Nhieu Loc – Thi Nghe Wastewater Treatment in Binh Thanh District of HCMC
The Natural Resources and Environment Ministry has informed that the volume of household sewage in urban areas in Vietnam now is at 3,650m3 a day, yet only 12-14 percent of that amount is collected and treated properly. Among 846 urban areas nationwide, only 38 possess special facilities for sewage processing, accounting for 4.4 percent. The proportions of treated wastewater in Hanoi, HCMC, and Da Nang City are 22 percent, 21.2 percent, and 33 percent, respectively. 53 out of 69 sewage treatment facilities in Vietnam use the Official Development Assistance (ODA) capital and 2 follow the PPP model.
Obviously, most wastewater treatment plants in the country now operate under the ODA capital and cannot answer the public’s demands. Meanwhile, the application of PPP still encounters obstacles since the private sector is not enthusiastic about this task.
This results from low profit but high maintenance cost of these plants, plus a lack of commitment or support to create a favorable, open, and safe investment environment for investors. Adding to that is a complicated PPP contract that requires long-term budget commitment, which might not be guaranteed when there is a change in local leadership tenure or policy.
The national green growth for the 2021-2030 period, with a vision to 2050, by the Government states that by 2030, the percentage of collected and treated sewage in level-2 urban areas must reach over 50 percent, while the proportion of lower-level urban areas should be 20 percent.

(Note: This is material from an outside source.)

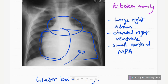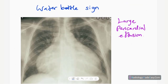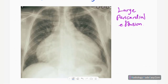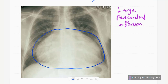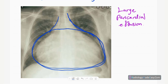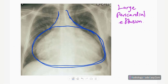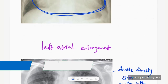Next is the water bottle sign, seen in large pericardial effusions. The pericardium is grossly filled with fluid, causing cardiomegaly. The heart takes on a water bottle shape. On ultrasound, you can confirm fluid within the pericardial sac.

To better attract the participation of the private sector in this task, Deputy Director General Nguyen Thuong Hien of the Vietnam Environment Administration (under the Natural Resources and Environment Ministry) proposed the development of a reasonable planning strategy in order to promote the growth of infrastructure; a clear legal frame for PPP with specific mechanisms, credit policy, service fees, and land use.
The State should perfect the corresponding legal documents, mechanisms, policies, and detailed instruction on current preferential policies and support for the task of sewage treatment. It is also necessary to introduce a guideline for investor selection, with favorable conditions for environmentally friendly technologies. Public bidding to choose investors where international ones are prioritized should be held to minimize contractor appointment.
Expert on PPP from the United States Agency for International Development (USAID) Doan Tien Giang said that PPP is a popular method used in many countries for wastewater treatment. To boost the use of such a model in Vietnam, the State should introduce practical solutions to address financial balance issues, to ensure the supply, and to tackle problems or inadequacies in contract content.
Dr. Vu Tien Loc, Head of the Vietnam International Arbitration Center shared that the PPP Law, issued by the National Assembly, has come into effect since 2021 in hope of attracting more investments from the private sector for socio-economic infrastructure projects. However, due to certain reasons, the PPP model in sewage treatment has not been popular in Vietnam.
Calculations show that the goal of increasing the proportion of collected and treated sewage by 15-70 percent in the next 10 years requires a large capital amount of US$10-20 billion. The mobilization of resources from the private sector is an optimal answer. That means the State must adopt a comprehensive solution to create an open investment environment with specific support for investors.